XGBoost time with 50 weak learners: 1.5154590999882203
LGBM time with 150 weak learners: 1.1558387000113726
import torch
import matplotlib.pyplot as plt
from sklearn.ensemble import GradientBoostingRegressor as gbr, AdaBoostRegressor as abr
from sklearn.tree import DecisionTreeRegressor
from time import perf_counter
from DLL.MachineLearning.SupervisedLearning.Trees import RegressionTree, RandomForestRegressor, GradientBoostingRegressor, AdaBoostRegressor, XGBoostingRegressor, LGBMRegressor
from DLL.Data.Preprocessing import data_split
n = 100
x = torch.linspace(0, 1, n).unsqueeze(-1)
y = 0.2 * torch.sin(20 * x) + x * x + torch.normal(mean=0, std=0.05, size=(n, 1))
y = y.squeeze()
rand_feats = torch.randint_like(x, 2)
x = torch.cat([x, rand_feats], dim=1)
model = RegressionTree()
model.fit(x, y)
x_test, _ = torch.rand((n, 1)).sort(dim=0)
x_test_rand_feats = torch.randint_like(x_test, 2)

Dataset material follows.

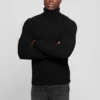 Eco Ezra Turtleneck Cable-Knit Sweater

x_test = torch.cat([x_test, x_test_rand_feats], dim=1)
y_pred = model.predict(x_test)
model2 = RandomForestRegressor(n_trees=3)
model2.fit(x, y)
y_pred2 = model2.predict(x_test)
model3 = GradientBoostingRegressor(n_trees=50, learning_rate=0.05, loss="absolute", max_depth=3)
history3 = model3.fit(x, y, metrics=["loss"])
y_pred3 = model3.predict(x_test)
model4 = gbr(n_estimators=10, learning_rate=0.5, loss="absolute_error")
model4.fit(x, y.ravel())
y_pred4 = model4.predict(x_test)
loss_adaboost = "exponential"
model5 = AdaBoostRegressor(n_trees=50, loss=loss_adaboost, max_depth=3)
errors5 = model5.fit(x, y)
y_pred5 = model5.predict(x_test)
model6 = abr(estimator=DecisionTreeRegressor(max_depth=3), n_estimators=50, loss=loss_adaboost)
model6.fit(x, y.ravel())
y_pred6 = model6.predict(x_test)
model7 = XGBoostingRegressor(n_trees=50, learning_rate=0.2, loss="huber", max_depth=3, reg_lambda=0.01, gamma=0, huber_delta=5)
start = perf_counter()
history7 = model7.fit(x, y, metrics=["loss"])
print(f"XGBoost time with {model7.n_trees} weak learners: {perf_counter() - start}")
y_pred7 = model7.predict(x_test)
model8 = LGBMRegressor(n_trees=150, learning_rate=0.2, loss="squared", max_depth=3, reg_lambda=0.01, gamma=0, huber_delta=5, large_error_proportion=0.3, small_error_proportion=0.2)
start = perf_counter()
history8 = model8.fit(x, y, metrics=["loss"])
print(f"LGBM time with {model8.n_trees} weak learners: {perf_counter() - start}")
y_pred8 = model8.predict(x_test)
plt.figure(figsize=(8, 8))
plt.plot(x[:, 0].numpy(), y.numpy(), color="Blue", label="True data")
plt.plot(x_test[:, 0].numpy(), y_pred.numpy(), color="Red", label="Regression tree")
plt.plot(x_test[:, 0].numpy(), y_pred2.numpy(), color="Green", label="Random forest regressor")
plt.plot(x_test[:, 0].numpy(), y_pred3.numpy(), color="Yellow", label="GBR")
plt.plot(x_test[:, 0].numpy(), y_pred4, color="gray", label="SKlearn GBR")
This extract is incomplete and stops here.